▶ _DATASET EXTRACT_
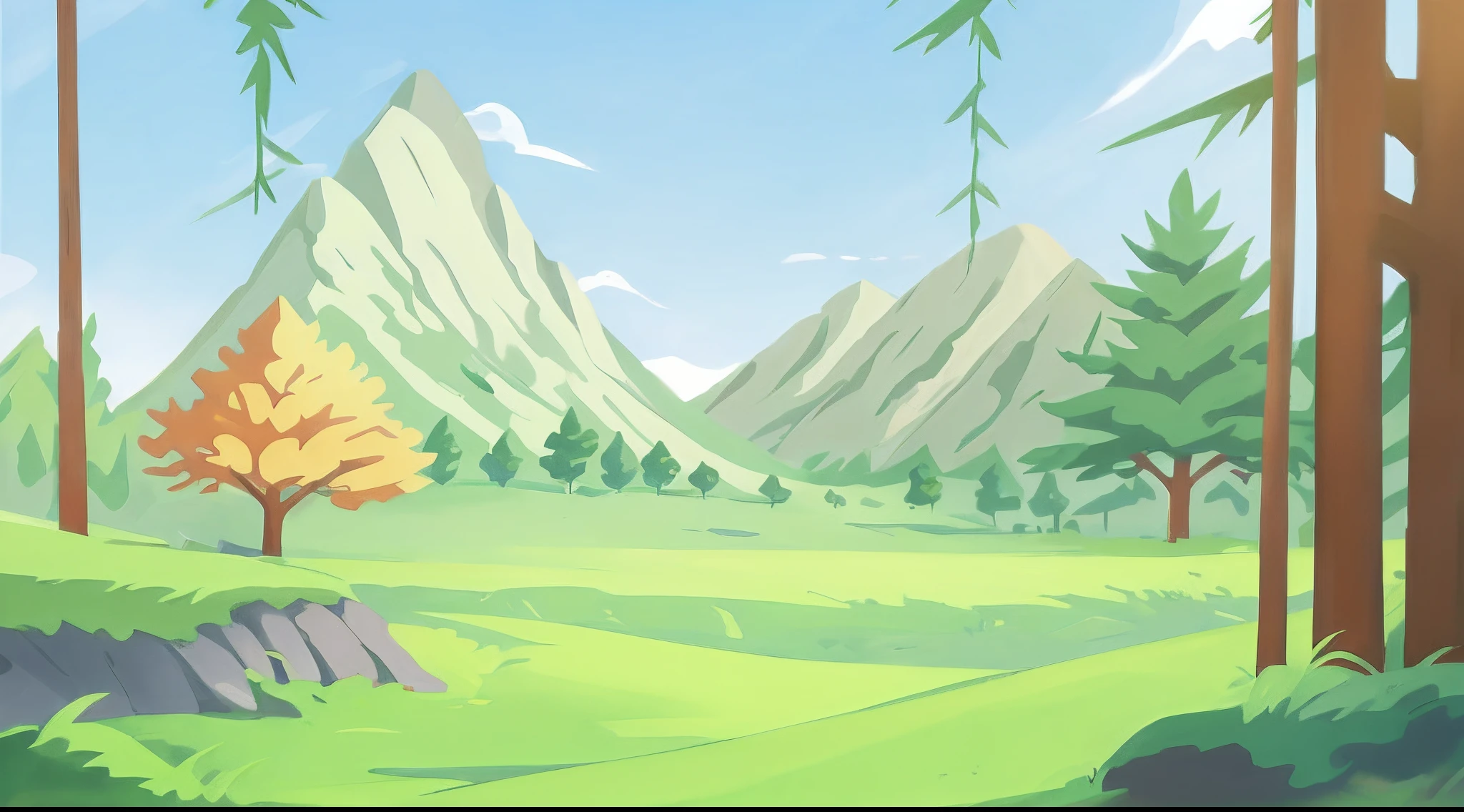 There is a cartoon illustration,Depicts a mountain view of a river, arte de fundo, background artwork, mountainous background, Landscape background, Mountain background, 2 D game art background, 4 k hd wallpaper illustration, background mountains, Detailed scenery —width 672, scenery background, Mobile game background, Anime background art, beatiful mountain background, 4 k hd illustrative wallpaper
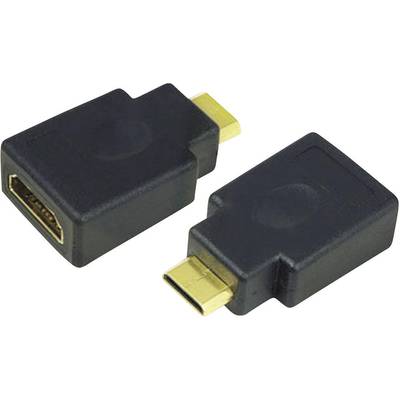LogiLink AH0009 HDMI Adapter [1x HDMI-stekker C mini - 1x HDMI-bus] Zwart Vergulde steekcontacten 
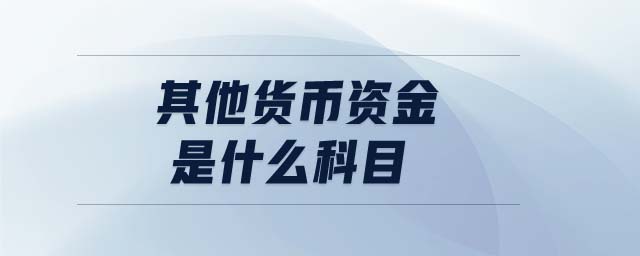 其他貨幣資金是什么科目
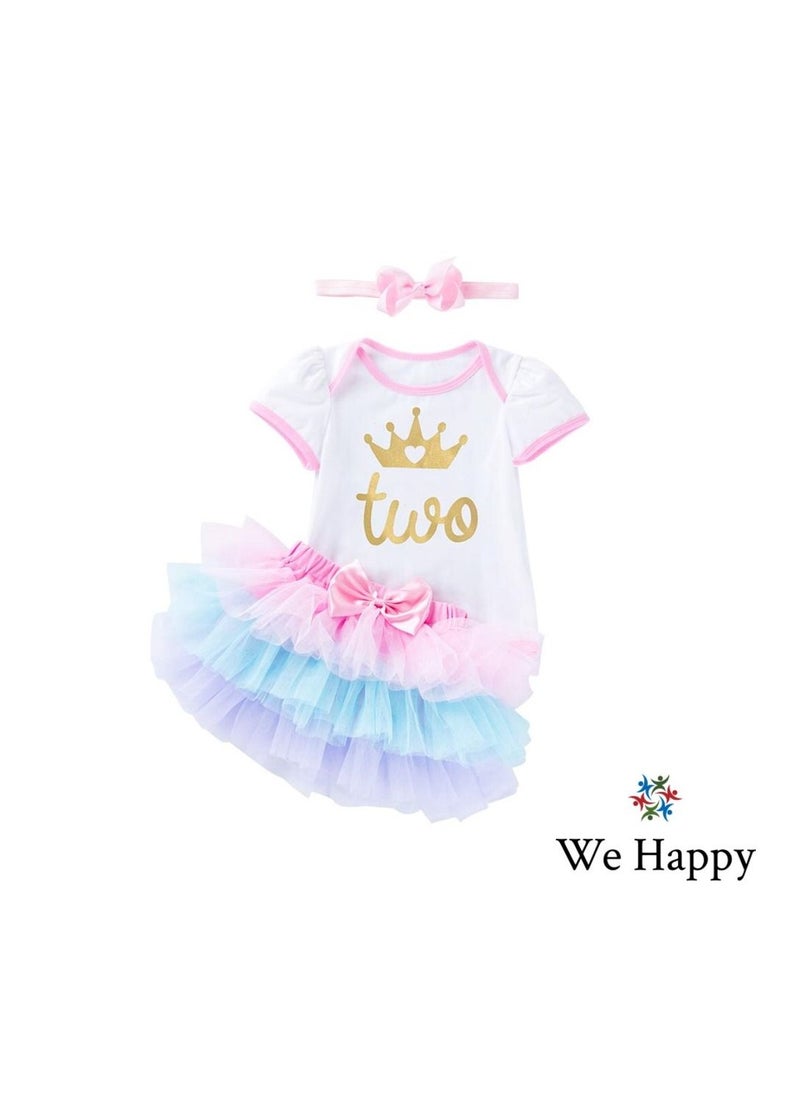 We Happy - Two Year Old Birthday Outfits Toddler 2nd Birthday Dress Set - Image 1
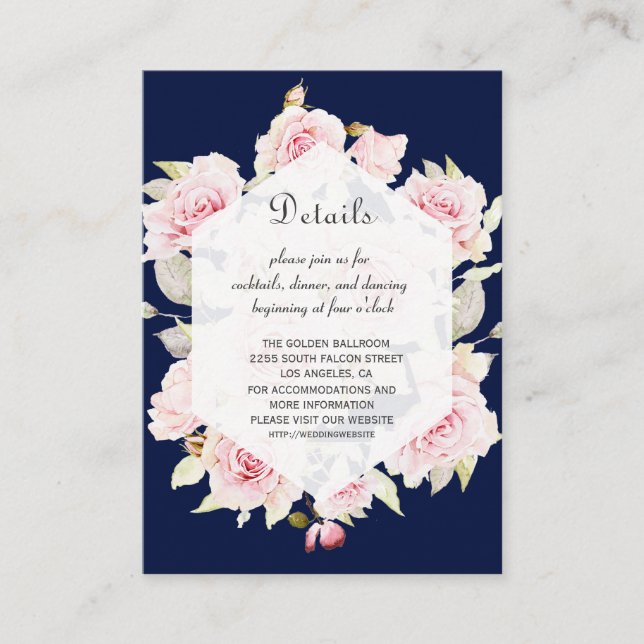 Tarjeta De Recepción Detalles del Boda Geométrico Azul de la Marina Flo (Anverso)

▶ _TASK BRIEF_
A verbatim copy of the data, with all pictures omitted, is the required output.

▶ _RESULT OF THIS EXERCISE_
 There is a cartoon illustration,Depicts a mountain view of a river, arte de fundo, background artwork, mountainous background, Landscape background, Mountain background, 2 D game art background, 4 k hd wallpaper illustration, background mountains, Detailed scenery —width 672, scenery background, Mobile game background, Anime background art, beatiful mountain background, 4 k hd illustrative wallpaper
LogiLink AH0009 HDMI Adapter [1x HDMI-stekker C mini - 1x HDMI-bus] Zwart Vergulde steekcontacten 
 其他貨幣資金是什么科目
 We Happy - Two Year Old Birthday Outfits Toddler 2nd Birthday Dress Set - Image 1
 Tarjeta De Recepción Detalles del Boda Geométrico Azul de la Marina Flo (Anverso)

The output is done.